El pediatra deberá conocer cuáles son las principales causas de crisis epilépticas y mostrar una especial

atención ante fenómenos paroxísticos observados en pacientes con antecedentes familiares de epilepsia, pacientes con retraso mental, niños con trastornos neurocutáneos...

Factores genéticos

La predisposición genética desempeña un papel muy importante en las convulsiones febriles y las epilepsias idiopáticas. En algunos casos se ha determinado la localización de los genes implicados en la epilepsia; así, el brazo largo del cromosoma 20 y el brazo corto del cromosoma 6 alojan los genes involucrados en las convulsiones neonatales familiares benignas y la epilepsia mioclónica juvenil, respectivamente. En otros síndromes epilépticos, los antecedentes familiares frecuentes son los que evidencian la predisposición genética; así, encontramos antecedentes familiares positivos de epilepsia en el 35% de los pacientes con epilepsia mioclónico-atónica, en el 15-45% de los niños con ausencias infantiles, en un 25% de casos si se trata de ausencias

mioclónicas, etc.

Otro grupo de enfermedades genéticamente determinadas asocian las crisis epilépticas como una manifestación clínica característica del trastorno. Este grupo incluye los trastornos neurocutáneos (p. ej., epilepsia en el 90, el 50 y el 80% de los pacientes con esclerosis tuberosa, hipomelanosis de Ito o síndrome de Sturge-Weber, respectivamente)6 (fig. 1), las epilepsias mioclónicas progresivas (enfermedad de Lafora, sialidosis...), las enfermedades mitocondriales y un amplio grupo de enfermedades de origen metabólico (aminoacidopatías, glucogenosis...).

Fig. 1. A) Manchas café con leche en varón con dificultades de aprendizaje y epilepsia.
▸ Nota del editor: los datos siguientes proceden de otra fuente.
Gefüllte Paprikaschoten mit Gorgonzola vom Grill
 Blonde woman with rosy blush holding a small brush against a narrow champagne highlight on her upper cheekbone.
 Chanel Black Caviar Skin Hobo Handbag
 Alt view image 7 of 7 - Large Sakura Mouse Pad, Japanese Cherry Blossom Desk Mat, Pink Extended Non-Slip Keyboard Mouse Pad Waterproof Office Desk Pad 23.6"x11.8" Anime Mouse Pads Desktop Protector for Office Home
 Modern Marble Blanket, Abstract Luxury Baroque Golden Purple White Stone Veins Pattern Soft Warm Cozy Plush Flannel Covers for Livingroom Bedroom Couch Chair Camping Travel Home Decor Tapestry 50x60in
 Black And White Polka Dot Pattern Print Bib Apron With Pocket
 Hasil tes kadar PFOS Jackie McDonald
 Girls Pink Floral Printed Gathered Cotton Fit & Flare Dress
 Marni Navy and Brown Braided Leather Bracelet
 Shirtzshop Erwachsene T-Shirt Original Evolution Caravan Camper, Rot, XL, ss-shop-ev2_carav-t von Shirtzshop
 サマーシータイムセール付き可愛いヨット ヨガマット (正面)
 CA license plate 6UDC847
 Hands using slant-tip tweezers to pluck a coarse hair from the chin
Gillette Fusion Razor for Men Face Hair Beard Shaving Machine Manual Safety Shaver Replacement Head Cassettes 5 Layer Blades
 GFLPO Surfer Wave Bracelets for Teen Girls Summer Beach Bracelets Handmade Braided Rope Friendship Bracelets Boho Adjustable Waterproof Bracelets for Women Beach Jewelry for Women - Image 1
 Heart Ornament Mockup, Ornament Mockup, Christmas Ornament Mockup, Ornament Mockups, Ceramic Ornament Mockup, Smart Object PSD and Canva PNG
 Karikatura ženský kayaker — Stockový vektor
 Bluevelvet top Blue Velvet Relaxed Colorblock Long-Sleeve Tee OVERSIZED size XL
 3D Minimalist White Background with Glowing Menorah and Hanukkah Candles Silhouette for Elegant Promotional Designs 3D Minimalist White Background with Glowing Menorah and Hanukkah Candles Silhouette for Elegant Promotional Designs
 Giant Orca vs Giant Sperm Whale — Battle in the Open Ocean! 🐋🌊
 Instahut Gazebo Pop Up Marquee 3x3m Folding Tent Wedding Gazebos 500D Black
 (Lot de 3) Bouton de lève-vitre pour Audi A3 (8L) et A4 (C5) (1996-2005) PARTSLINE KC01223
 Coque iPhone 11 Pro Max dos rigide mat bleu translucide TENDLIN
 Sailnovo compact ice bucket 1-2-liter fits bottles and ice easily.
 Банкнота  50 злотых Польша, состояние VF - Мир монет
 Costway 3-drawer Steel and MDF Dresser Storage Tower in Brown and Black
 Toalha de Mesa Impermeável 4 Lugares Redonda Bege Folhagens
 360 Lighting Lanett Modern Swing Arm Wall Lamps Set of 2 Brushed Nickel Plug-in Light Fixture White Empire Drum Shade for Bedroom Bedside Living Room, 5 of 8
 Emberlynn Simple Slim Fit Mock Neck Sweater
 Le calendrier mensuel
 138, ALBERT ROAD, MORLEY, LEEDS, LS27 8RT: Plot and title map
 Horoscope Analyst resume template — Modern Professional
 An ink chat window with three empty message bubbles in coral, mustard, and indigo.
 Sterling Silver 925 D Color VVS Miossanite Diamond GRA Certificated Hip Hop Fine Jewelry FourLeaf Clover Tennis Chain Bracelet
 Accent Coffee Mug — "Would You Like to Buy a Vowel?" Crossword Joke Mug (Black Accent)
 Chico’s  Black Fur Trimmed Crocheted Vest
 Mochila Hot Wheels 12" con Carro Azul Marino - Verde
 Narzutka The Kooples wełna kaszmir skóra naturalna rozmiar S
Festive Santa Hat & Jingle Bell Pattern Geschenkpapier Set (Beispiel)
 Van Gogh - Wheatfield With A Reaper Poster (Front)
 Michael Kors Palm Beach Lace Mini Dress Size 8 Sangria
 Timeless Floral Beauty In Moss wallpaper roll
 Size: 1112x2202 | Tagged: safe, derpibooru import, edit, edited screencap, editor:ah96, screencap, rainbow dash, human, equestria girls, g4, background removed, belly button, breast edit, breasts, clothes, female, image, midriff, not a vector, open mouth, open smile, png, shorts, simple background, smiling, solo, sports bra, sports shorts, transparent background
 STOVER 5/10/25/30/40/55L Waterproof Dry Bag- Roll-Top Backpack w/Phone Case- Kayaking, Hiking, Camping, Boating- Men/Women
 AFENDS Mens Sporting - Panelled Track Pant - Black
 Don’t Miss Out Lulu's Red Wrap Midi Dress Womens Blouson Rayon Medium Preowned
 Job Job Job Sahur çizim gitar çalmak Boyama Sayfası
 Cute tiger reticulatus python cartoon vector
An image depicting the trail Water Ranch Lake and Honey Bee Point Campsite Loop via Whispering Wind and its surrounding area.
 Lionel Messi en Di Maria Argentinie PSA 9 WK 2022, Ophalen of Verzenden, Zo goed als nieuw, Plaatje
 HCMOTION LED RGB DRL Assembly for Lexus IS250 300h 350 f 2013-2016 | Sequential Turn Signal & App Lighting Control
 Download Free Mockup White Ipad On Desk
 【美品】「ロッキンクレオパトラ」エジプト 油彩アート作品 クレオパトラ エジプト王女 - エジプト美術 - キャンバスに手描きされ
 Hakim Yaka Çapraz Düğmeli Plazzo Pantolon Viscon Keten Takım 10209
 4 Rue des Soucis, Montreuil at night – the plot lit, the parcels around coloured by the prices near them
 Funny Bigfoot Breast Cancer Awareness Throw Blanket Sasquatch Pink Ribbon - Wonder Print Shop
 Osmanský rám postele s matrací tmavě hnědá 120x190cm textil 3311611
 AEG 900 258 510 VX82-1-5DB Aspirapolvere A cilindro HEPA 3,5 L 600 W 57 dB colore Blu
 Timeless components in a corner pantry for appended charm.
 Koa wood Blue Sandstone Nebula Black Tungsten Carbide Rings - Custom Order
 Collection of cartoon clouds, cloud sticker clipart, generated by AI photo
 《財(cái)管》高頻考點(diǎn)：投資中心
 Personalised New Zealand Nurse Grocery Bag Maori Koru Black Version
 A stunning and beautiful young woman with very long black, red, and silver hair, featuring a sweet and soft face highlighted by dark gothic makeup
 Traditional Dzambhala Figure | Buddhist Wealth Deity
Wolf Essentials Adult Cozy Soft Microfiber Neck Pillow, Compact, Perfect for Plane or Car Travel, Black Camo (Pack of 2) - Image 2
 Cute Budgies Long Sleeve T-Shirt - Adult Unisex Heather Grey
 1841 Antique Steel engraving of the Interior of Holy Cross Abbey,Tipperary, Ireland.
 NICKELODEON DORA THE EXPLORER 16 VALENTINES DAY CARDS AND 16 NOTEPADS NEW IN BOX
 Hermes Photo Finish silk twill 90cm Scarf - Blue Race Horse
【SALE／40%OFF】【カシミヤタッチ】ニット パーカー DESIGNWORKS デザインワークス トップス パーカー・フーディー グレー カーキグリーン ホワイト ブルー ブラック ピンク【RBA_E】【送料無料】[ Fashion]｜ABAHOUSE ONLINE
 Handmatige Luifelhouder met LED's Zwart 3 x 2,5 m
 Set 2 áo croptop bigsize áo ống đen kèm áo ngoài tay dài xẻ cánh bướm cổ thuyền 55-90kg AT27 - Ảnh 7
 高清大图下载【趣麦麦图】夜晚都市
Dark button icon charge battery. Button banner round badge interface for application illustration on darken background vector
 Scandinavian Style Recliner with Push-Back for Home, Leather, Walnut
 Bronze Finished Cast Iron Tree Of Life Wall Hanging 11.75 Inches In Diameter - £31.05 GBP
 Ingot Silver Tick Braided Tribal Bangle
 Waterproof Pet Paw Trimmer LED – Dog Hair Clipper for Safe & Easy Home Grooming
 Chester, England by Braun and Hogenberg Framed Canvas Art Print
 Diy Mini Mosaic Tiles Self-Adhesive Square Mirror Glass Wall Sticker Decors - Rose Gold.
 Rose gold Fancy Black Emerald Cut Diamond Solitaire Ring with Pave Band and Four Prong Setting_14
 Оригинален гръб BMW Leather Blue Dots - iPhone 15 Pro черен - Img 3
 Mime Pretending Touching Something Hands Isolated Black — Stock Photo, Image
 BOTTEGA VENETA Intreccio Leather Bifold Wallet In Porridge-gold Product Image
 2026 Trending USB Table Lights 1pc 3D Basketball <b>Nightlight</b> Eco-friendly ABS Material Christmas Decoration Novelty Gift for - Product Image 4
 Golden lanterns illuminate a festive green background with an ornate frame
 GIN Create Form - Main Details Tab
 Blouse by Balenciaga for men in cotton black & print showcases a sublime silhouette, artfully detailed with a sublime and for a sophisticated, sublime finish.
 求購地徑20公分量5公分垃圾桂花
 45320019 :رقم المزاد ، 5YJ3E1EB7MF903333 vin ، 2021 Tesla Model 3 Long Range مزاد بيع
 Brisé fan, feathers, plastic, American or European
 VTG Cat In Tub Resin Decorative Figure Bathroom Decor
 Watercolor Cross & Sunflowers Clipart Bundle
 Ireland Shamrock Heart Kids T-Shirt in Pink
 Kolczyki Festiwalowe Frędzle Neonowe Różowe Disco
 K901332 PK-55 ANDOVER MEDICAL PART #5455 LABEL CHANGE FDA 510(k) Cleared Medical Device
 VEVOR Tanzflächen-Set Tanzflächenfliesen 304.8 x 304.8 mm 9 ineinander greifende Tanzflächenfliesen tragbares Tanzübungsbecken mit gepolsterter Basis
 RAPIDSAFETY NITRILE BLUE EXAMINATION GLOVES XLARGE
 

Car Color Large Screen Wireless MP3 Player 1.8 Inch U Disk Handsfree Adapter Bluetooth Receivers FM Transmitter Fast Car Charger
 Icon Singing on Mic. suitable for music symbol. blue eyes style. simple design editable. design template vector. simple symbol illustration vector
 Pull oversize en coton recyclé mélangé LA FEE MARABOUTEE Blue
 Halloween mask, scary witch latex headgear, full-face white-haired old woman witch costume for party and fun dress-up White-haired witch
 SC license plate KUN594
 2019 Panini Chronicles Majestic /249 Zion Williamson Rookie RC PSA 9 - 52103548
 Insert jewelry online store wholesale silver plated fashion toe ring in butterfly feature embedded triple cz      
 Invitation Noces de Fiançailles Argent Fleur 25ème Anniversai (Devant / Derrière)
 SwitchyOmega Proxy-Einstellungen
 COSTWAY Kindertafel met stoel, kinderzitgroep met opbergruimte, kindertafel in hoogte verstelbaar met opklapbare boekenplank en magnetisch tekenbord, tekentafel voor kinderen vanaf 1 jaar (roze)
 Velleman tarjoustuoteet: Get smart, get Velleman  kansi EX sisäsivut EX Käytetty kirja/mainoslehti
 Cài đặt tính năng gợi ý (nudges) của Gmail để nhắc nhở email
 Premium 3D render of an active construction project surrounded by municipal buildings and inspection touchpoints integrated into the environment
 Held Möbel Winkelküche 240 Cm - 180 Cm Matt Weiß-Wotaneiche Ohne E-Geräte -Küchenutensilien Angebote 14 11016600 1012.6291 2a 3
B) RM cerebral de reconstrucción tridimensional, que revela la presencia de polimicrogiria del lóbulo temporal del mismo paciente.

Un grupo menor de pacientes con factores de riesgo de clara involucración genética serían aquellos trastornos que asocian la epilepsia con una mayor prevalencia respecto a la población general. Así, el 5-10% de los pacientes con síndrome de Down son epilépticos, según algunas series, el 20-40% de los niños con síndrome X frágil, etc.

Factores adquiridos

Dentro del grupo de factores prenatales debemos resaltar las malformaciones cerebrales (paquigiria, esquisencefalia...) (fig. 2), los accidentes cerebrovasculares intrauterinos, las infecciones por microorganismos neurotropos (citomegalovirus, toxoplasmosis...) o las encefalopatías tóxicas.

Fig. 2. Esquisencefalia bilateral en paciente con déficit motor y epilepsia.

Entre los factores perinatales, la encefalopatía hipóxico-isquémica representa la causa más frecuente de crisis neonatales. Otros trastornos incluyen las hemorragias intra y periventriculares, más frecuentes en el prematuro, la sepsis neonatal, diferentes metabolopatías o alteraciones metabólicas...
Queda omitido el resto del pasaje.